Doc: Modules

Core Modules

class onmt.modules.Embeddings(word_vec_size, word_vocab_size, word_padding_idx, position_encoding=False, feat_merge='concat', feat_vec_exponent=0.7, feat_vec_size=-1, feat_padding_idx=[], feat_vocab_sizes=[], dropout=0)

Words embeddings for encoder/decoder.

Additionally includes ability to add sparse input features based on “Linguistic Input Features Improve Neural Machine Translation” [SH16].

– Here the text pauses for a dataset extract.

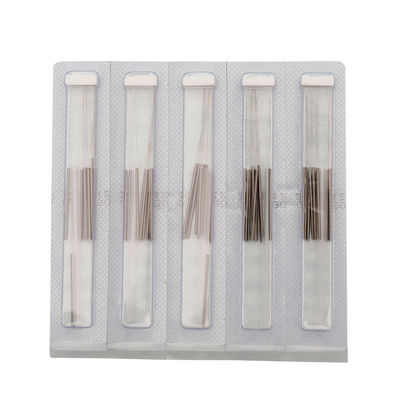 Zhongyan Taihe High Quality 500pcs Disposable Sterile Acupuncture Needles Acupuncture Therapy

graph LR A[Input] C[Feature 1 Lookup] A-->B[Word Lookup] A-->C A-->D[Feature N Lookup] B-->E[MLP/Concat] C-->E D-->E E-->F[Output]
Parameters:
  • word_vec_size (int) – size of the dictionary of embeddings.
  • word_padding_idx (int) – padding index for words in the embeddings.
  • feats_padding_idx (list of int) – padding index for a list of features in the embeddings.
  • word_vocab_size (int) – size of dictionary of embeddings for words.
  • feat_vocab_sizes ([int], optional) – list of size of dictionary of embeddings for each feature.
  • position_encoding (bool) – see onmt.modules.PositionalEncoding
  • feat_merge (string) – merge action for the features embeddings: concat, sum or mlp.
  • feat_vec_exponent (float) – when using -feat_merge concat, feature embedding size is N^feat_dim_exponent, where N is the number of values of feature takes.
  • feat_vec_size (int) – embedding dimension for features when using -feat_merge mlp
  • dropout (float) – dropout probability.
forward(input)

Computes the embeddings for words and features.

Parameters:input (LongTensor) – index tensor [len x batch x nfeat]
Returns:word embeddings [len x batch x embedding_size]
Return type:FloatTensor
load_pretrained_vectors(emb_file, fixed)

Load in pretrained embeddings.

Parameters:
  • emb_file (str) – path to torch serialized embeddings
  • fixed (bool) – if true, embeddings are not updated

Encoders

class onmt.modules.EncoderBase

Base encoder class. Specifies the interface used by different encoder types and required by onmt.Models.NMTModel.

graph BT A[Input] subgraph RNN C[Pos 1] D[Pos 2] E[Pos N] end F[Context] G[Final] A-->C A-->D A-->E C-->F D-->F E-->F E-->G
forward(input, lengths=None, hidden=None)
Parameters:
  • input (LongTensor) – padded sequences of sparse indices [src_len x batch x nfeat]
  • lengths (LongTensor) – length of each sequence [batch]
  • hidden (class specific) – initial hidden state.
Returns:k
(tuple of FloatTensor, FloatTensor):
  • final encoder state, used to initialize decoder
    [layers x batch x hidden]
  • contexts for attention, [src_len x batch x hidden]
class onmt.modules.MeanEncoder(num_layers, embeddings)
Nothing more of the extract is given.